Designing an Index with high Cardinality for a field distributed across multiple shards

Hello,

I am designing an index for logs related to some search API which has information like type/count of searches AND type/count of results served in a search response.

Sample Information in the Log:
{
SearchId: "12345678",
SearchLocation: "India",
Results: [
{ position: 1,
result_accuracy: "high"
},
{ position: 2,
result_accuracy: "medium"
}
]
}

For this information, I want to create an index to visualize the following in Kibana:

Use Cases:

  1. Count of Searches.
  2. Count of Results with medium accuracy at position 1.
  3. Count of Searches with medium accuracy results at position 1.

Approach

  1. Can't use Object type field for "results" because it will serve false information for use case 2 and 3.
  2. Can't use nested/parent-child field types for results because it is not yet supported in Kibana visualization.
  3. One possible solution could be to flatten the results and add search related information in each result doc Like:

{
resultId: "87654"
SearchId: "12345678",
SearchLocation: "India",
position: 1,
result_accuracy: "high"
}
{
resultId: "234"
SearchId: "12345678",
SearchLocation: "India",
position: 2,
result_accuracy: "medium"
}

How Use Cases will be solved:

  1. Count of Searches with some filtering criteria --> Count Unique of SearchId
  2. Count of Results with medium accuracy at position 1 --> Count of docs with filtering on result_accuracy and position
  3. Count of Searches with medium accuracy results at position 1 --> Count Unique of SearchId with some filters

Now, this field SearchId will have high cardinality. (for 2 million searches per day, and 10 results per search --> 20 million docs with 2 million unique SearchIds)

Challenge 1
Some percentage error with count unique in Cardinality aggregation

Challenge 2
Now when these result documents are distributed across multiple shards, then the no of unique searches will be inflated because unqiue counts will be calculated wrt each shard

Any help or validation around designing the same?

hey @Jatin_Garg1 :

I believe using the nested field type would help addressing points 2 and 3, something like:

{
  "mappings": {
    "properties": {
      "search_id": "unsigned_long",
      "search_location": "keyword",
      "results": {
        "type": "nested",
        "properties": {
          "position": "integer",
          "accuracy": "keyword"
        }
      }
    }
  }
}

That way, you'll be able to filter using a nested query:

{
  "query": {
    "nested": {
      "path": "results",
      "query": {
        "bool": {
          "filter": [
            { "match": { "results.position": 1 } },
            { "match": { "results.accuracy": "medium" } }
          ]
        }
      }
    }
  }
}

That query will effectively match against any document that contains an element in the results array that matches the query.

I hope that helps!

Hi @Carlos_D,

The end goal of the index is to visualize these on KIbana.
Nested Fields aren't supported on Kibana yet

It sounds to me like you want to search and analyse 2 different things - searches and results. One way to do this without requiring parent-child or nested mappings (not supported by Kibana) might be to create 2 separate indices, one for searches and one for results.

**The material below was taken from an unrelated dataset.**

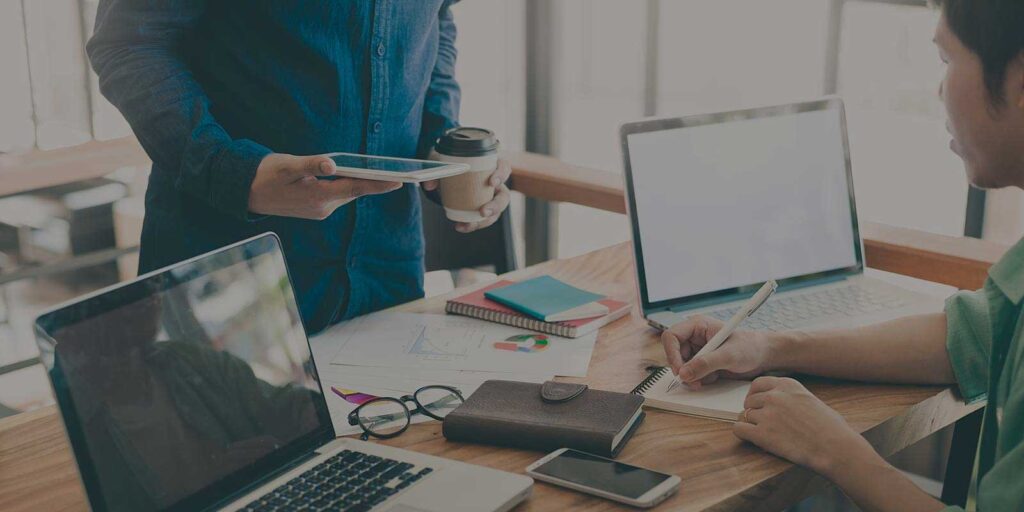 Software developers performing software product enhancements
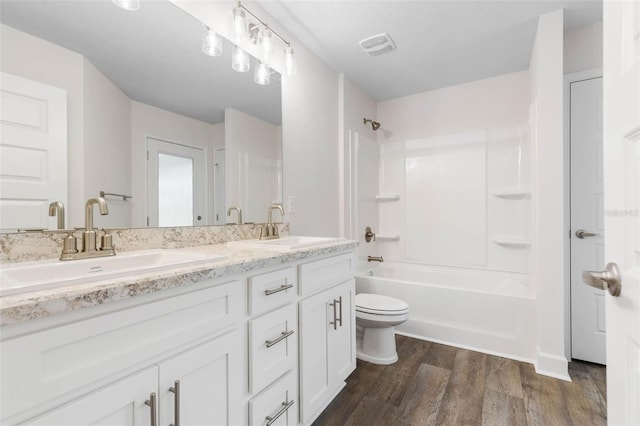 bathroom with shower / tub combination, toilet, wood finished floors, and a sink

The searches index might look something like this:

{
  "SearchId": "12345678",
  "SearchLocation": "India",
  "Results": ["1 high", "2 medium"]
}

Here I concatenated each result into a single string, which would be analyzed using a whitespace analyzer as well as mapped as a keyword field. You can use different types of queries depending on what you are looking for.

In the results index you would index each result separately with the search information denormalised as in your example:

{
  "resultId": "87654"
  "SearchId": "12345678",
  "SearchLocation": "India",
  "position": 1,
  "result_accuracy": "high"
}

Use cases 1 and 3 would use the searches index while use case 2 would run against the results index.

Oh I see, sorry about that! I thought the question was about index design and missed the Kibana requirement :frowning_face:

Some alternatives for this have been discussed here - basically using a flattened structure, or using a custom Vega visualization over a nested query.